§ RECORDED DATA:
-- -- --
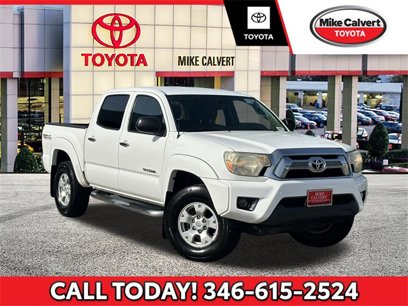 Used 2012 Toyota Tacoma PreRunner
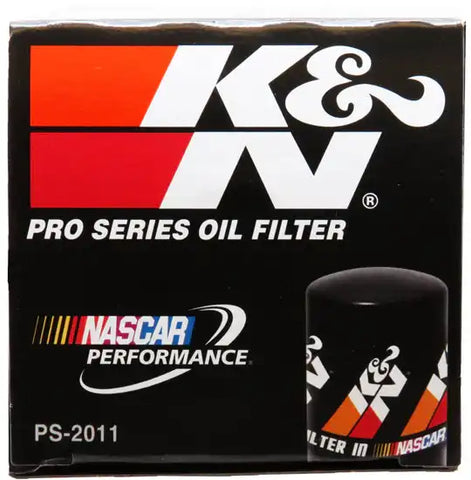 K&N PS-2011 Oil Filter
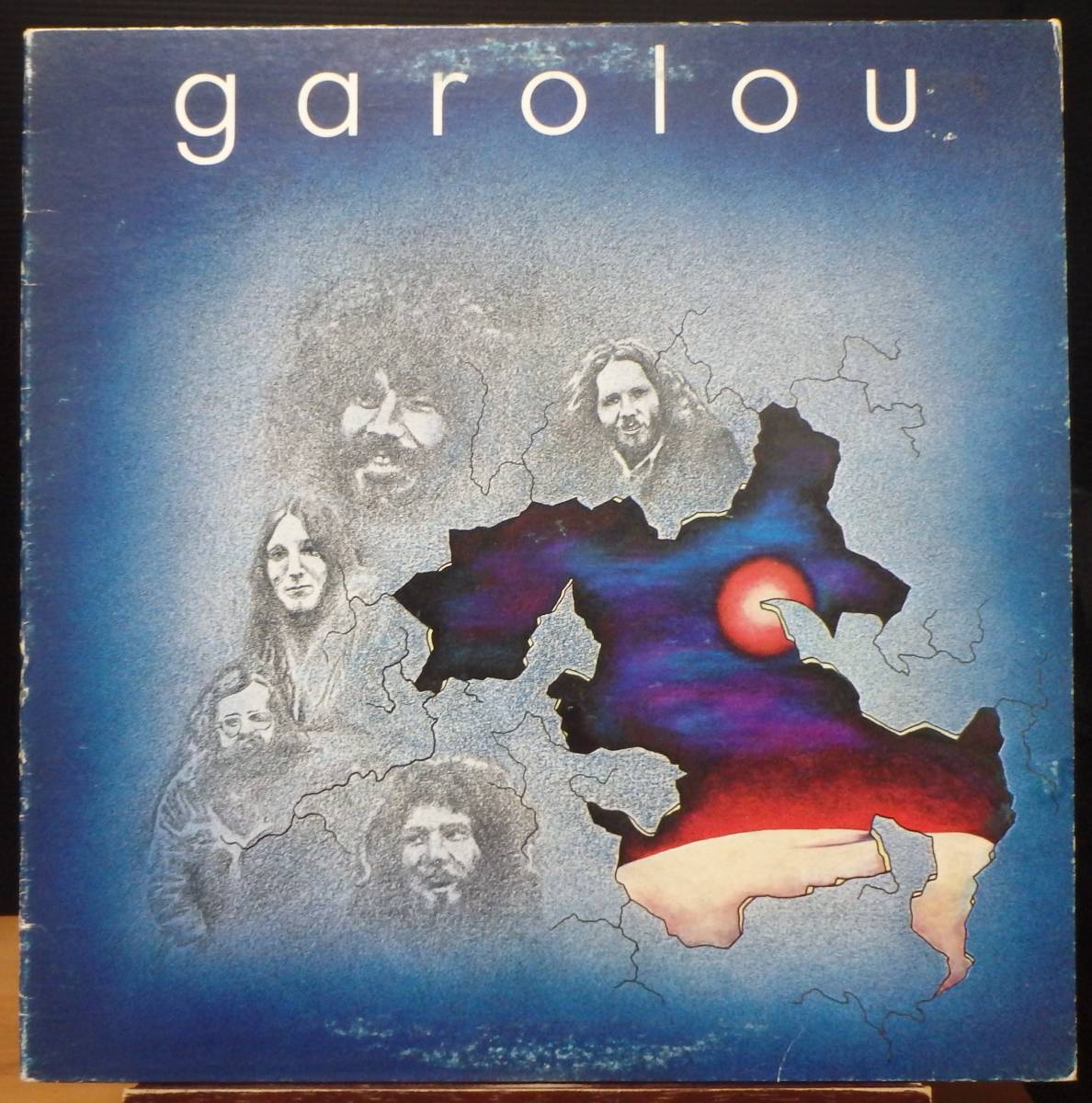 【SW273】GAROLOU 「Garolou」, ’78 CANADA Original ★フォーク・ロック/プログレッシブ・ロック拍卖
-- -- --
§ WHAT THIS TASK INVOLVES: Output verbatim the lines beginning at the line with "K&N PS-2011 Oil Filter" and ending at the last line of the material above, inclusive. Do not carry over any pictures.

§ EXERCISE SOLUTION:
 K&N PS-2011 Oil Filter
 【SW273】GAROLOU 「Garolou」, ’78 CANADA Original ★フォーク・ロック/プログレッシブ・ロック拍卖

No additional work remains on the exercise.